_THE DATA_
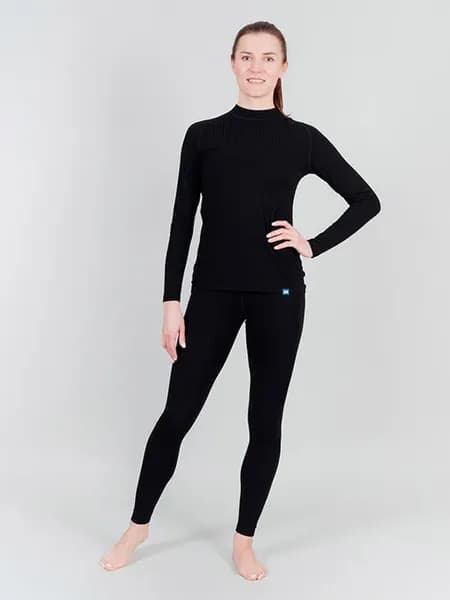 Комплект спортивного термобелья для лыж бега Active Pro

* * *

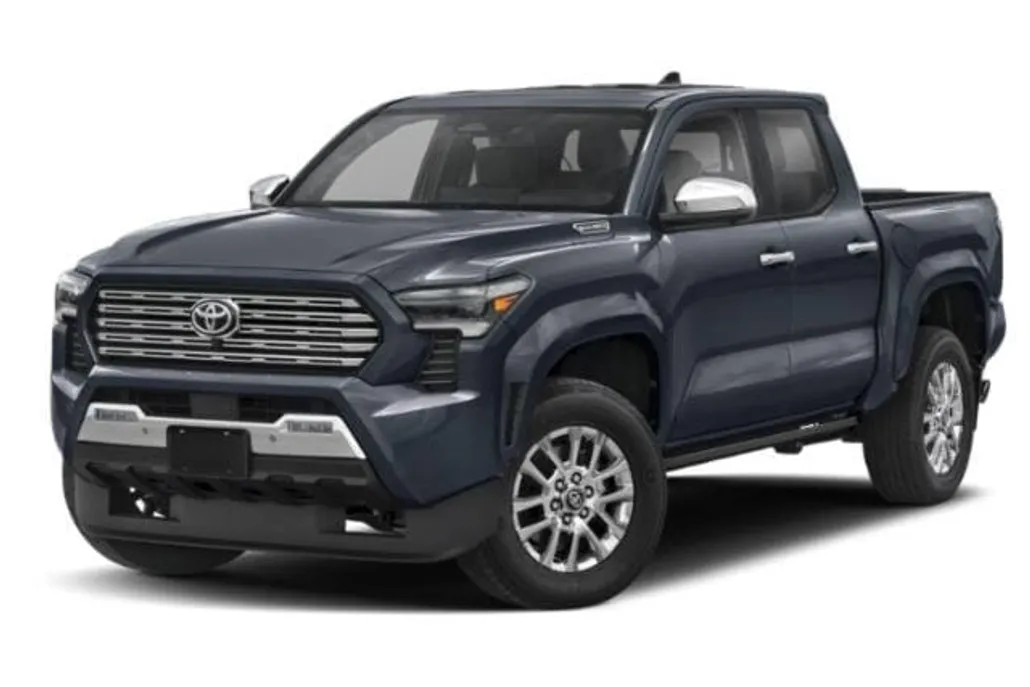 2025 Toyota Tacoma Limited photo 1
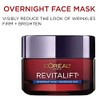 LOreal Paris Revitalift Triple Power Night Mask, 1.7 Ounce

_TASK GOAL_
In the data above, start at the line holding "2025 Toyota Tacoma Limited photo 1" and stop after the line holding "LOreal Paris Revitalift"; write out those lines exactly, without pictures.

_ANSWER TO THIS TASK_
 2025 Toyota Tacoma Limited photo 1
 LOreal Paris Revitalift Triple Power Night Mask, 1.7 Ounce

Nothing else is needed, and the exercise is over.